So I have actually been teaching a class to a dozen beginners, taking them from HTML/CSS -> python/javascript and deploying apps on the web.
What seems to work best, is to get them building anything, and then critiquing as we go. So, they're all hacking on personal projects, and all kind of making the same mistakes, and we go over what they've written and then move on to the next step.
As they run into various hurdles, it opens up lots of discussions on some of the finer parts of things, which would have made no freaking sense to them earlier.
I know you're talking about a slightly more advanced level, but I'd say the technique still stands: Keep hacking on your own (as this is kind of the most important), but put your code out where someone can make fun of it, get it reviewed and critiqued, learn to anticipate criticisms, and you'll be a great developer in no time!
Many of the more modern programming books deal with the process of creating the software rather than the abstract bits that make up the individual steps.
Have you seen books like http://railstutorial.org/book and similar? Is this sort of what you mean?
I suggest implementing the same system using a variety of languages.
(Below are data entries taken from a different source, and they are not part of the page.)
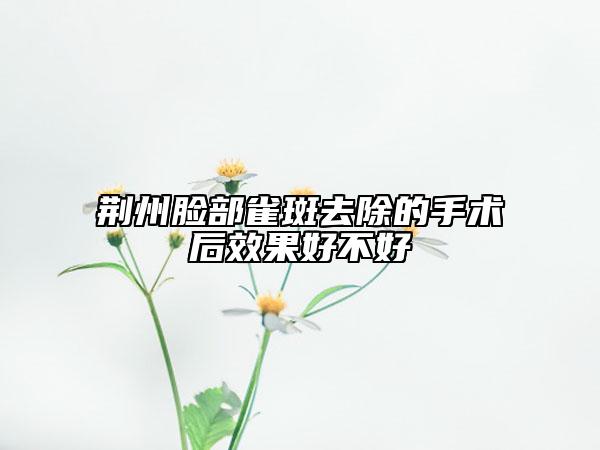 荊州臉部雀斑去除的手術后效果好不好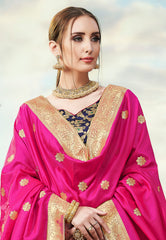 Deep Blue & Pink Designer Wedding Partywear Banarasi Silk Jacquard Lehenga Banarasi Silk Jacquard Dupatta & Banarasi Silk Jacquard Blouse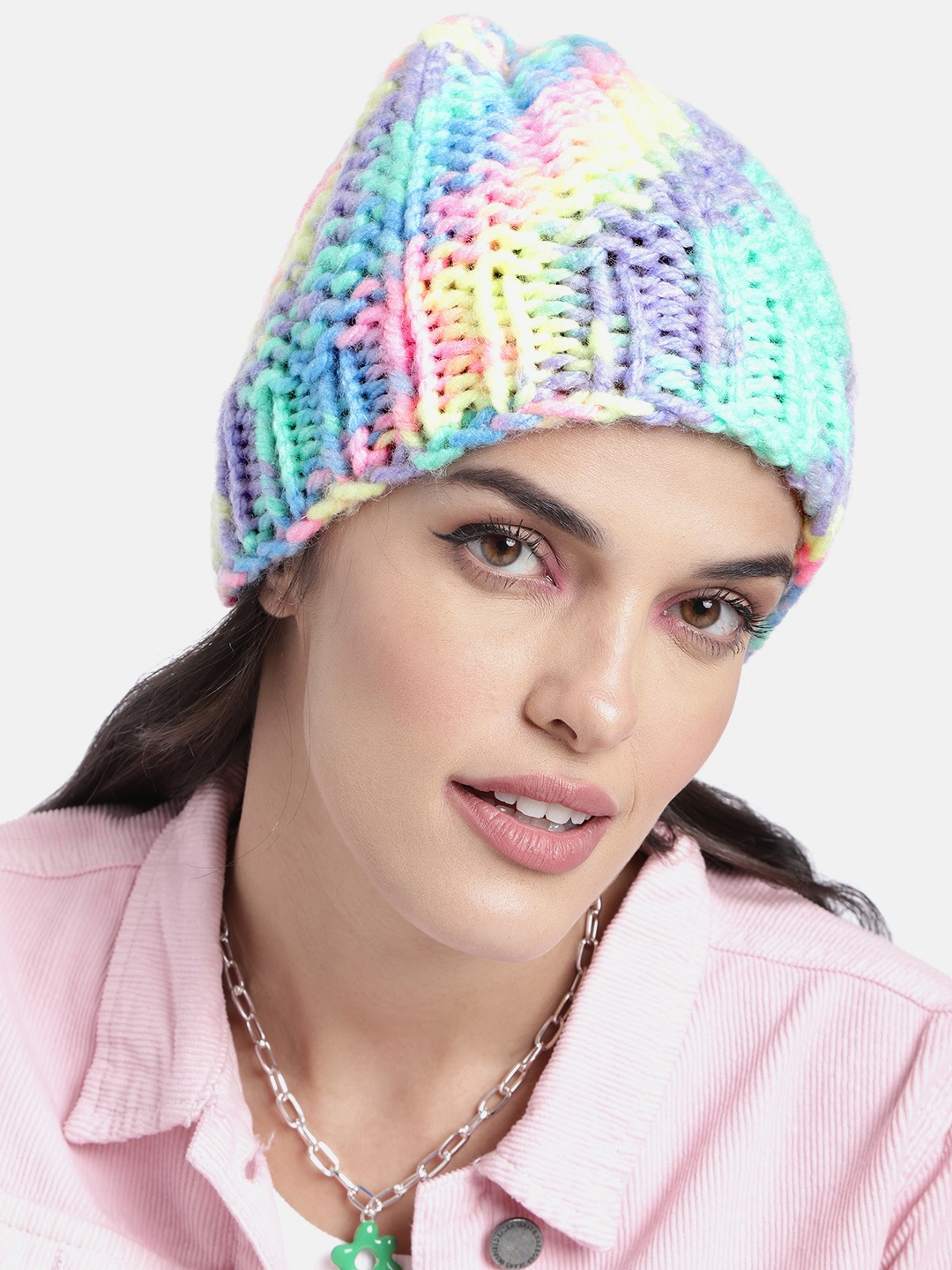 

Magic Needles Unisex Multicoloured Acrylic Handknitted Beanie, Multi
Each language and system of libraries has some abstractions that can result in the novice having a very incomplete or incorrect mental model of what is actually happening.
In using a variety of frameworks/languages, the learner gets more adept each time since lots of the abstractions are the same, but really jumps forward in the areas where the abstractions are different enough to create some food for thought.
It is that sort of thinking that helps differentiate the designed aspects of a program from the ones that are implementation specific consequences of the design.
Reading The Pragmatic Programmer helped me a lot with the problem-approaching aspect of things, but then I didn't pick it up until I was moderately comfortable with PHP. (I'm not a FT programmer so my learning process tends to be s-l-o-w w/o many opportunities for practice.)
I'd definitely be interested to see two different programmers write up their approach to a given problem. Something like this would be an excellent monthly blog post.
I'm in a very similar position working with Ruby/Rails, and I struggled for a while trying to figure out what to do. The approach I settled on was to work through another tutorial, but try to add features and much better design. In other (more Halloween appropriate) words, to really flesh out the skeleton that the tutorial gives you.
> I'm proposing a third option or hoping if it already exists. I would find it incredibly helpful if there were a resource that detailed the thought process and implementation steps that an experienced developer took in approaching a set of problems or projects
tertiary education?
Design Patterns: Elements of Reusable Object-Oriented Software
What do you think?: Good Idea
Valuable?: Yes, worth $34.59 according to Amazon
Does it exist?: Yes, see above
Worth creating?: Yes, if you can do it better than GoF
This is one of the most extraordinary things in Norvig's Paradigms of Artificial Intelligence Programming (commonly abbreviated to PAIP on the Web) and it's a book full of extraordinary things. When he develops something, like his Othello-playing program in chapter 18 for instance, he starts off simple, develops as he goes along (with an eye for the overall design), makes mistakes and then fixes them - all the while telling you what he was thinking.
I found it really encouraging. Here's this godlike coder who works at Google just doing incremental development until he has a really good finished product. At the end of it, you can't help thinking "but I could have done that!" In fact that was his overall purpose. In http://norvig.com/Lisp-retro.html he says 'The main object of this book is to cause the reader to say to him or herself "I could have written that"'
So yes, your option 3 is a great idea.